Named after the prominent nineteenth century African American educator and author, the Booker T. Washington Cemetery was one of the first Black cemeteries in the American Bottom. Dedicated in 1903 by R.M.C. Green, an African American undertaker from Edwardsville, the cemetery was to be a central site for the interment of Blacks from throughout the region. Prior to its founding, African American bodies were either banned or ghettoized to the margins of the region’s cemeteries. That cemeteries, like virtually all other spaces of American life, were segregated is perhaps not a surprise. Accepting Black bodies was essentially left to the prerogative of individual cemetery owners up until 1968, when the Supreme Court, in their ruling of Jones v. Meyer, effectively ended legal discrimination in the rental or sale of property.
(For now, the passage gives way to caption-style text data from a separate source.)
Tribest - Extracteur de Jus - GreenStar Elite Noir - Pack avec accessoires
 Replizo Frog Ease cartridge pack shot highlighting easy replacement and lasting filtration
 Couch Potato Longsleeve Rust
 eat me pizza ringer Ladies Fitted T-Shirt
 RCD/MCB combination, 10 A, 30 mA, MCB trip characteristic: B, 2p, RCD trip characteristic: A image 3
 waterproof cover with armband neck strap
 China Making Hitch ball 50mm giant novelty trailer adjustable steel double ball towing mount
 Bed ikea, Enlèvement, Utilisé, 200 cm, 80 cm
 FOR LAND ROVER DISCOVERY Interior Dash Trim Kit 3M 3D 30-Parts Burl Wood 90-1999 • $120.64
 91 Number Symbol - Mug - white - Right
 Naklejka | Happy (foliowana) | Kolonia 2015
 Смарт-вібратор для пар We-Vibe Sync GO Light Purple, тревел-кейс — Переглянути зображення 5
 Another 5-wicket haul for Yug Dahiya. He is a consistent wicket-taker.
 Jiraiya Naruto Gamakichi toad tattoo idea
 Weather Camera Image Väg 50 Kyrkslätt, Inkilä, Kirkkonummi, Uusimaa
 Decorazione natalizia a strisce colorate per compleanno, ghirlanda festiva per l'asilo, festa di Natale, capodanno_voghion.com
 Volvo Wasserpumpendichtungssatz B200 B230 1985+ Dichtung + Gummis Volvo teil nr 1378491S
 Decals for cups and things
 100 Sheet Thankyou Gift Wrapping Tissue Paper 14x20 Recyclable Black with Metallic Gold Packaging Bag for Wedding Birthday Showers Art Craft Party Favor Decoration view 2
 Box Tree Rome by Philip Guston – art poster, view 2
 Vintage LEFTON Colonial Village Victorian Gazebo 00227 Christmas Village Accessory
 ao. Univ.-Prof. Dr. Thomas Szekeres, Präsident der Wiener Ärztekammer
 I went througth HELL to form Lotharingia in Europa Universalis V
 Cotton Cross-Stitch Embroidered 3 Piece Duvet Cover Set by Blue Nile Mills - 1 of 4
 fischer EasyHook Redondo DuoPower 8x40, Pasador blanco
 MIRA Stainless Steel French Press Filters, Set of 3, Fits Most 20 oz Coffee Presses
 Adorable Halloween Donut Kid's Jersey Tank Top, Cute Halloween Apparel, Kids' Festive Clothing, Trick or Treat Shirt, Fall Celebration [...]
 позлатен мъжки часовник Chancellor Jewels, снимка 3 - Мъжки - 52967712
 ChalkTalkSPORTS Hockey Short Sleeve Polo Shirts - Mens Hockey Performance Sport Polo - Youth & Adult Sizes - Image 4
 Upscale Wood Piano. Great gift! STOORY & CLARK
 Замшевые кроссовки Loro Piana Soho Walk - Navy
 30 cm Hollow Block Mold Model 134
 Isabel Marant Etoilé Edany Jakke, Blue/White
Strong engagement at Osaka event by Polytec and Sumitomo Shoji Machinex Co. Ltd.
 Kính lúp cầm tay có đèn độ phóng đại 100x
Writing in the brief that “all citizens shall have the same right, in every State and Territory, as is enjoyed by white citizens thereof to inherit, purchase, lease, sell, hold, and convey real and personal property,” the justices put forward a legal ruling that in principle, if not in fact, desegregated property ownership and rental—including the eternal rental of a burial plot.
Responding to the racial exclusion of other cemetery managers, and building on a Black self-determination movement, the Booker T. Washington Cemetery received thousands of bodies through the first half of the twentieth century, until desegregation saw that trend gradually decline. Importantly, the Green brothers played a central role in supporting victims of the 1917 East St. Louis pogrom, and the cemetery received remains of many of the African Americans killed in the violence of that July. While the total number of interments is not known (numbers range from 2,000 to 12,000), the cemetery is known to have received the bodies of hundreds of children killed by influenza in the epidemic of 1918.
Currently, the cemetery sees sporadic upkeep—with annual cleanups removing brush and overgrowth from the remaining headstones.